The site has also emerged as a prime location for a proposed aquatic center and YMCA facility.
Guiding the design is the concept of a “sustainable community” and the broad range of uses proposed for the site is geared toward this potential. The planning team has focused on “stitching” old and new urban fabrics in order to replace the existing brownfield with a vibrant, multi-faceted commercial and residential district.
Key to the master plan was the site’s inherited water rights from the Yakima River originally used to fill the mill’s log ponds. The old log flume will traverse the middle of the site to serve as an urban walkway bordered by small businesses and restaurants. This log-flume cum urban-walkway zone will integrate vehicular, pedestrian and bicycle traffic in a deliberate attempt to merge transportation modes that are commonly separated.
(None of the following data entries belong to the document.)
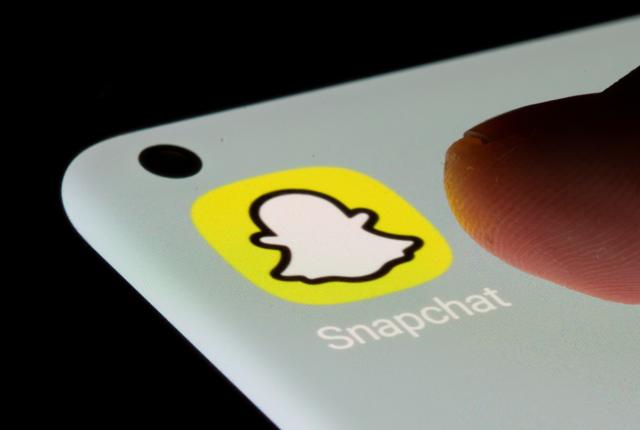 Den unge mand trængte ind på kvindens Snapchat-konto og fandt helt private fotos.
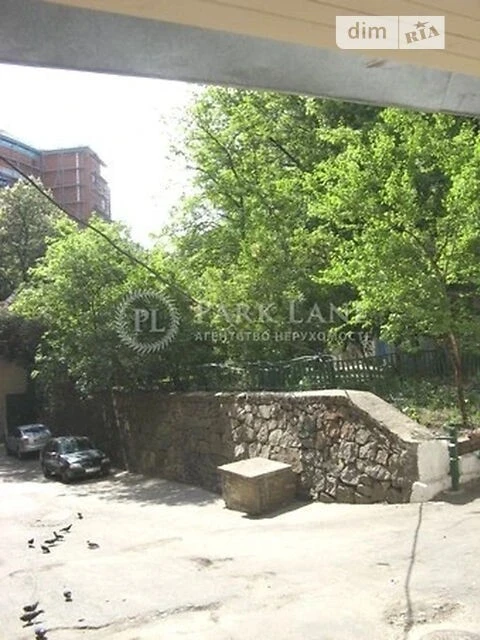 Sale of 2-room apartment 70 sq. m. on Oleksandra Konyskyi St. 83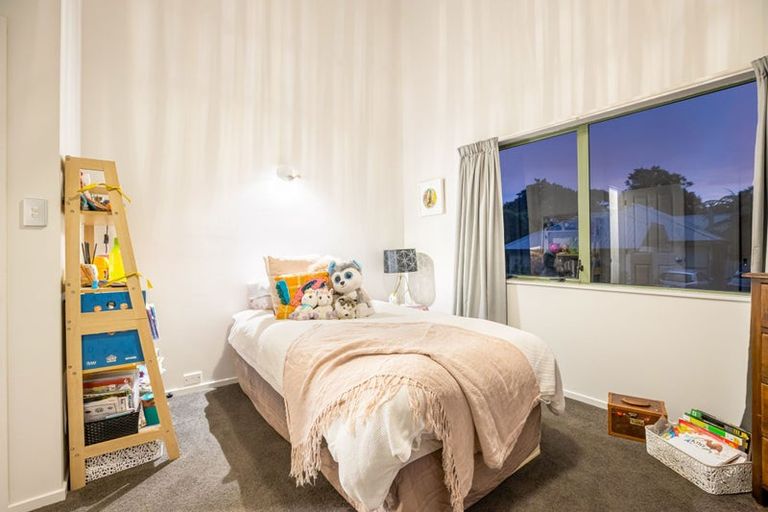 Photo of property in 153d Colwill Road, Massey, Auckland, 0614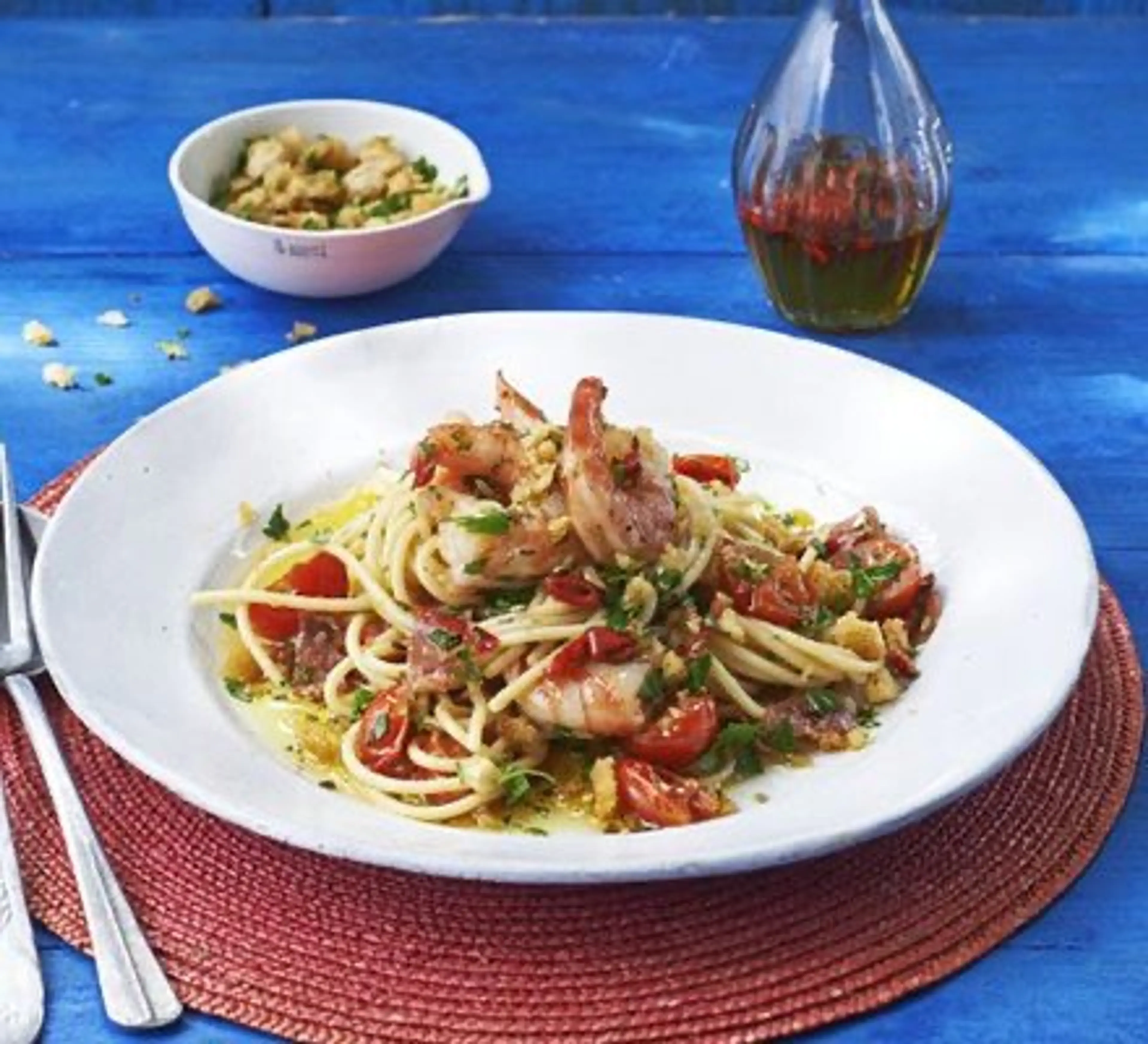 Spaghetti with chilli prawns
The scale of new buildings on the site decreases gradually from east to west, beginning with a band of coarse grain, large-scale uses against I-82. The medium-grain walking district along the water channel will house a variety of shops, restaurants, wineries and an outdoor market. The fine-grain multifamily housing and stand-alone retail will stitch the new development with the existing residential neighborhood to the west. The planned aquatic center and YMCA facility will reconnect the site with the Yakima River Greenway.
Overall, the project is a concerted effort to reinvigorate growth in the blighted urban environment of the Yakima Valley. We see in it an ideal opportunity to infuse downtown Yakima with a new vision. This new vision transcends the creation of new areas of high density or traditional retail delivery. It integrates the needs of a sustainable community with the realities of our auto-centric culture. It creates a sense of community and a focus for emerging industries while enhancing housing and economic opportunities in a city poised to evolve with the needs of the 21st century.